Sunday, April 19, 2009
Friday, April 17, 2009
When I lived in New York City, I actively dated on Match.com. My Very Worst Date happened when I met a guy at a Union Square restaurant. I walked in and saw a guy sitting at a table looking around, but he was clearly 10 years older than the photo he’d posted online. His hair was also much thinner, but I decided to give it a shot anyway and introduced myself. The waitress came right over and asked if we would like anything to drink.
"No, we don't want any cocktails," he said rather curtly.
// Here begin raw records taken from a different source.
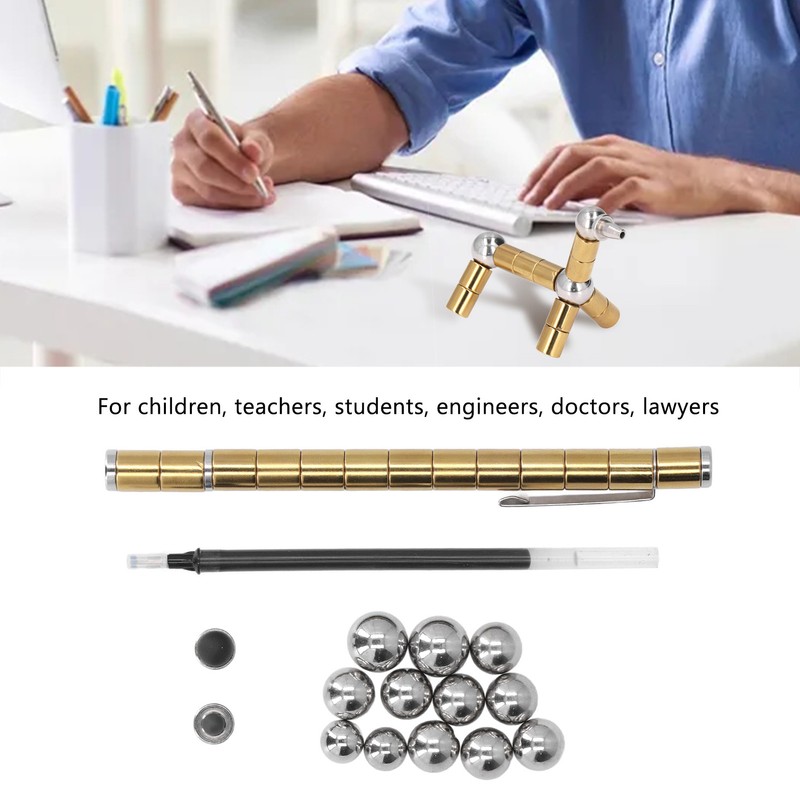 Magnetic Pen Toy Stress Relief Decompression Magnetic Metal Writing Pen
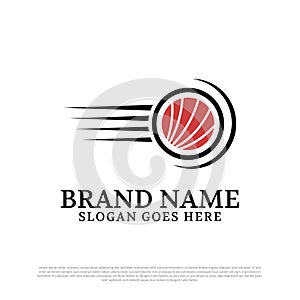 Japanese Sushi Seafood delivery logo design inspiration, can use food and drink shop brand template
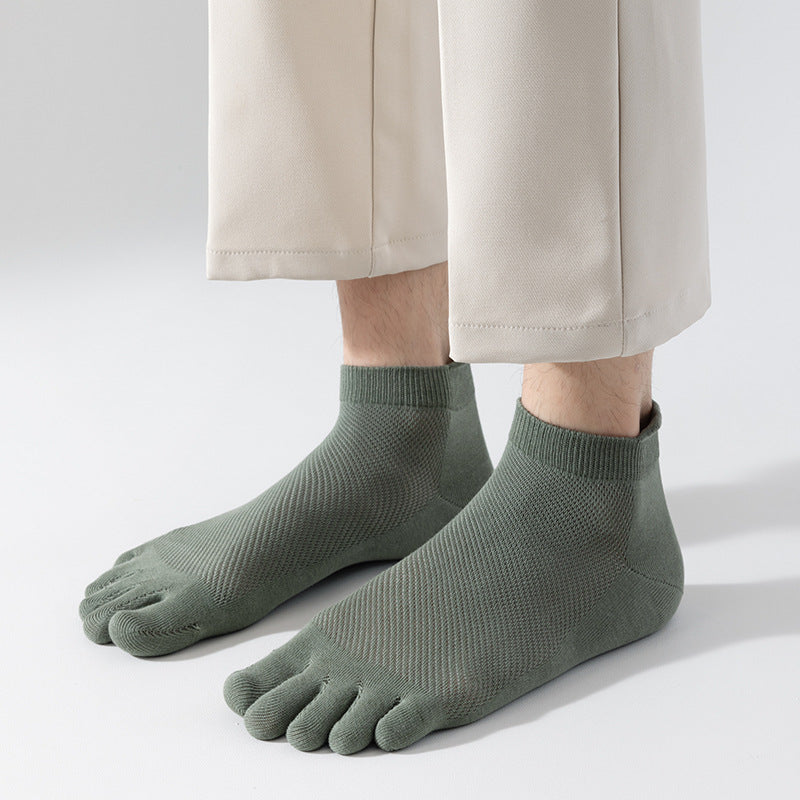 Five Toe Cotton Barefoot Socks (Unisex)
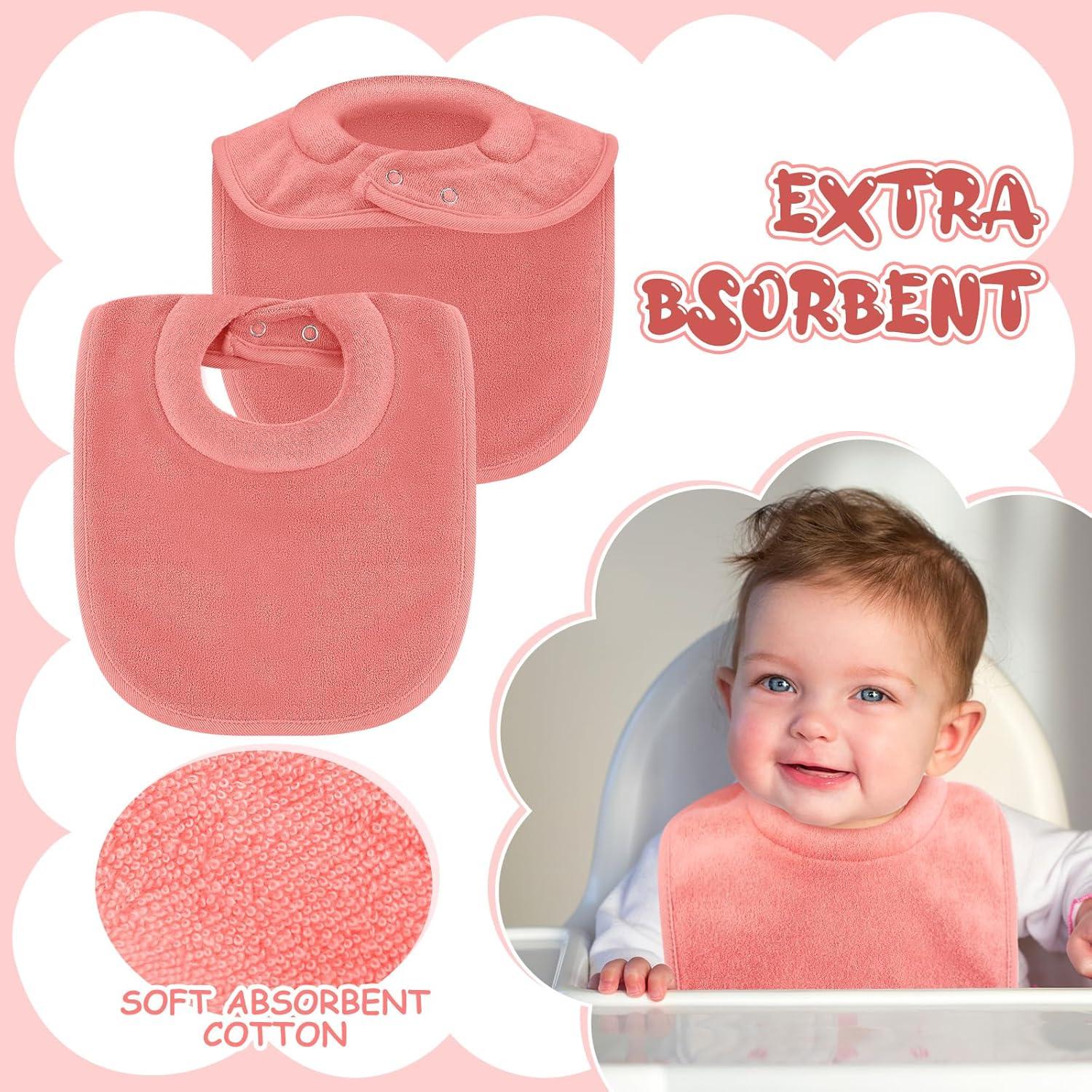 4 Baberos Acolchados Comfi para Bebés - Absorbentes y Ajustables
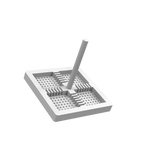 PTFE Cleaning Rack for ITO/FTO Glass & Silicon Wafers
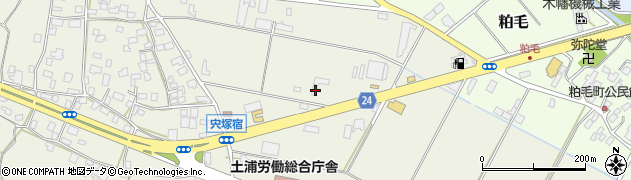 茨城県土浦市宍塚1725周辺の地図
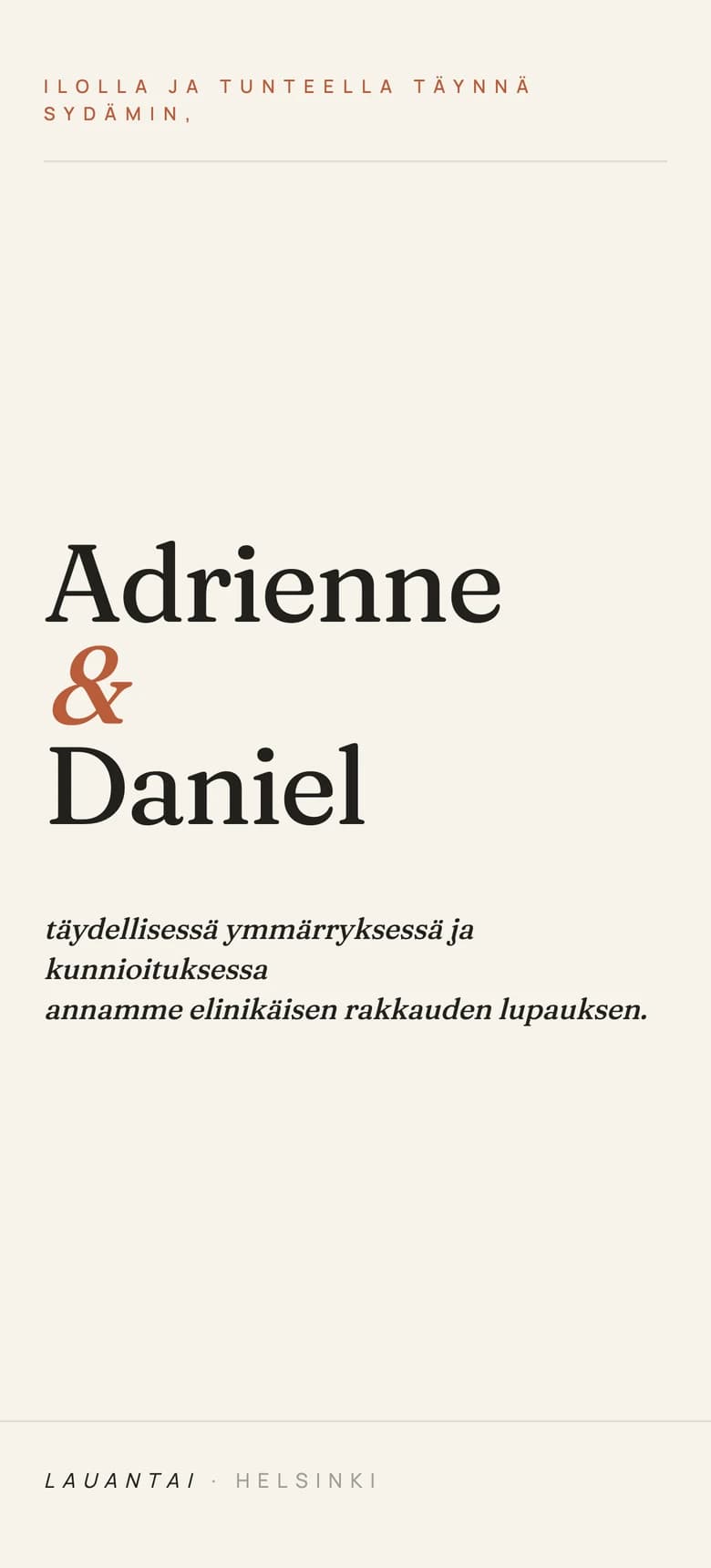 Editorial Minimalist template preview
I let it slide because I thought he might be an alcoholic for a second. Still I was annoyed that he spoke for me.
"Well, can I order a soda then?" I asked.
"Do you have to?"
I was turned off by his cheapskate ways but I still tried to enjoy the rest of the meal since he seemed fairly charming otherwise. After dinner, we stepped out of the restaurant into a rainy, rainy night. Since we were both headed to the Lower East Side, I suggested we share a taxi.
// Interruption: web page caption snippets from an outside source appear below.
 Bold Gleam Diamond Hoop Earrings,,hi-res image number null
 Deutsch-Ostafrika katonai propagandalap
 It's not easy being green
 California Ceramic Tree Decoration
"Do you have your Metrocard with you?" he asked. "Because we're taking the bus."
I had one in my back pocket, but I was shocked that in the cold rain he would want to wait for a bus just to save a couple of bucks.
"And is it one of the unlimited ones because I forgot mine?" he added.
I gave him the card, which had four bucks left on it, and I hopped in a cab to meet my girlfriends.
Thursday, April 16, 2009
Wednesday, April 15, 2009
Sometimes a Very Worst Date happens outside the traditional 'dinner and movie' set-up. Your romantic hopes might be crushed earlier or later on. So we present our first Mid-Courtship Disaster...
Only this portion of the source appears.